Cucinare (e mangiare) con i rifugiati, per vincere i pregiudizi. Con l'emergenza ucraina alle porte, un'associazione lancia un nuovo concetto: valorizzare il potere aggregatore della cucina, per avvicinare esiliati e residenti delle città che li accolgono. La fondatrice: "Così evolve la società"

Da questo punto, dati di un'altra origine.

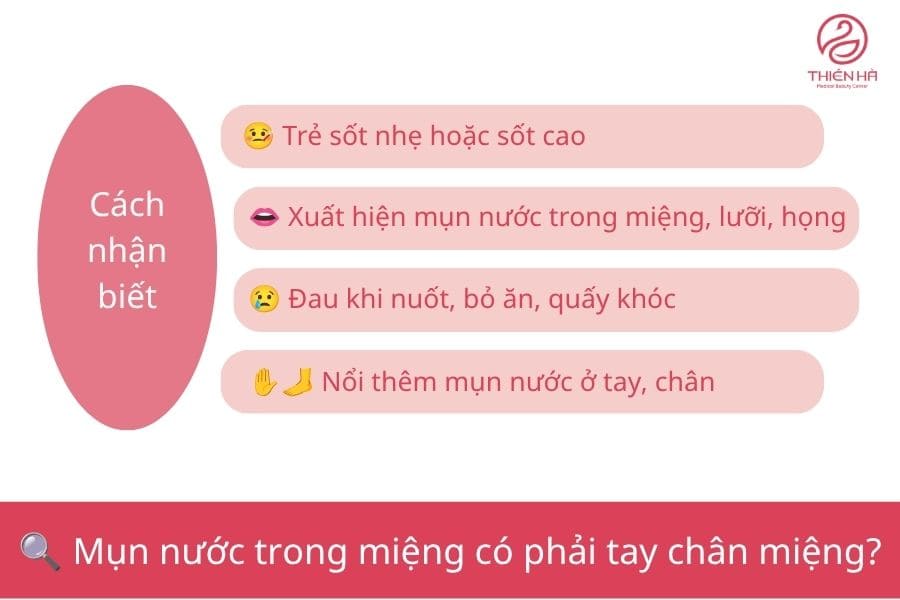 Nổi mụn nước trong miệng: Nguyên nhân, dấu hiệu và cách xử lý 4 Mụn nước trong miệng là dấu hiệu của bệnh tay chân miệng - Chủ yếu ở trẻ em, lây rất mạnh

**La ricetta: residenti e rifugiati intorno a un tavolo per scoprirsi e fare amicizia **
Preparare - e poi mangiare - con i rifugiati, per vincere i pregiudizi e far evolvere lo sguardo della società. Arrivati da Togo e Congo Brazzaville, André e Raymonde si sono integrati in Francia, anche grazie a questa iniziativa. “Qui siamo tutti mischiati. Noi rifugiati e la popolazione locale, gli abitanti di Lione -, ci dice lui, mentre taglia della frutta, accanto a una pensionata che abita nel quartiere -. Fino a pochi minuti fa non conoscevo nessuno. Poi, ci siamo tutti messi a preparare insieme e così si comincia a fare amicizia". In Francia da due mesi appena e ancora in un centro d'accoglienza, Raymonde gli fa eco con le lacrime agli occhi: “Veniamo per condividere la nostra passione della cucina, le ricette dei nostri paesi. E poi finiamo per stringere dei legami - racconta -. È davvero un'esperienza unica, quella che che stiamo vivendo".

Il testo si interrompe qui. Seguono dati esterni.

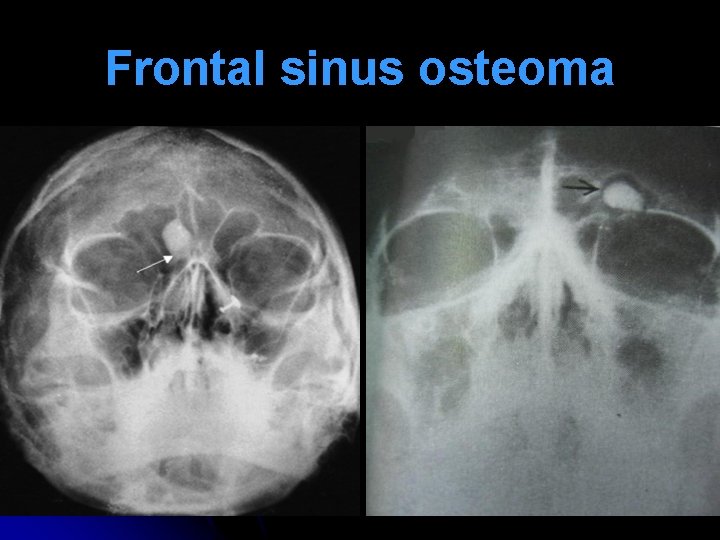 Frontal sinus osteoma 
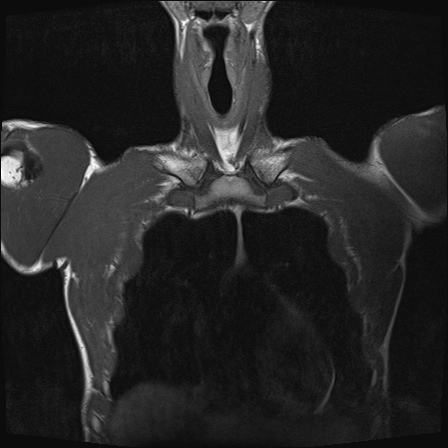 File:Bilateral spinoglenoid notch ganglion cysts (Radiopaedia 29577-30082 Coronal T1 3).jpg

La fondatrice: "Il potere aggregatore della cucina a servizio dell'integrazione"
All'origine dell'iniziativa: "Le Recho", un progetto tutto al femminile, creato dall'attrice e cuoca Vanessa Krycève insieme ad altre 11 donne. “Che si tratti di ucraini o di afgani, accogliamo tutti a braccia aperte - ci spiega -. Il nostro concetto consiste nel valorizzare il potere aggregatore della cucina, per creare delle occasioni di incontro fra persone che altrimenti non si frequenterebbero. Siamo quindi nati con l'obiettivo per costruire dei legami tra i rifugiati e i residenti delle città che li accolgono, attraverso degli atelier di cucina prima e delle tavolate in cui si mangia tutti insieme poi".
"In questa iniziativa, le premesse di un nuovo mondo. Agli antipodi di Wall Street, per far trionfare la vita"

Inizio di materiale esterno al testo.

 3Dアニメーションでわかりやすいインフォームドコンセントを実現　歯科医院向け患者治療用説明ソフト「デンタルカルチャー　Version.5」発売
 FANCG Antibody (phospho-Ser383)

22.000 i pasti preparati dall'associazione "Le Recho" insieme ai rifugiati, dalla sua creazione nel 2016. Un concetto, che sembra seduire anche i residenti, arrivati da tutta la città nell'orto associativo che ospita la tappa lionese dell'iniziativa. Tra loro anche Bénédicte Pasieczink, residente del quartiere e consigliera municipale nel 7° arrondissement della città di Lione. "Occasioni come questa non possono che permettere di conoscersi meglio e di andare oltre i pregiudizi", ci dice. Poco distante, al termine di una lunga tavolata, un signore più anziano mangia soddisfatto insieme a una coppia di coeteani. "Manifestazioni di questo genere - ci dice -, incarnano le premesse di un nuovo mondo. Siamo agli antipodi di Wall Street e del capitalismo. E a guadagnarci è la vita".
**A Parigi anche un ristorante per trasformare i rifugiati in chef **
Passati a Lione a inizio marzo, atelier e pasti per l'integrazione organizzati da "Le Recho", torneranno a giugno a Strasburgo, in occasione della settimana dei rifugiati. In una ex caserma della gendarmeria, riconvertita in luogo d'incontro e solidarietà, l'associazione gestisce a Parigi anche un ristorante per l'inserimento professionale. Rifugiati ed esiliati vi possono cioè apprendere l'arte della cucina, per avviarsi ai mestieri della ristorazione e fare un passo in più verso l'integrazione.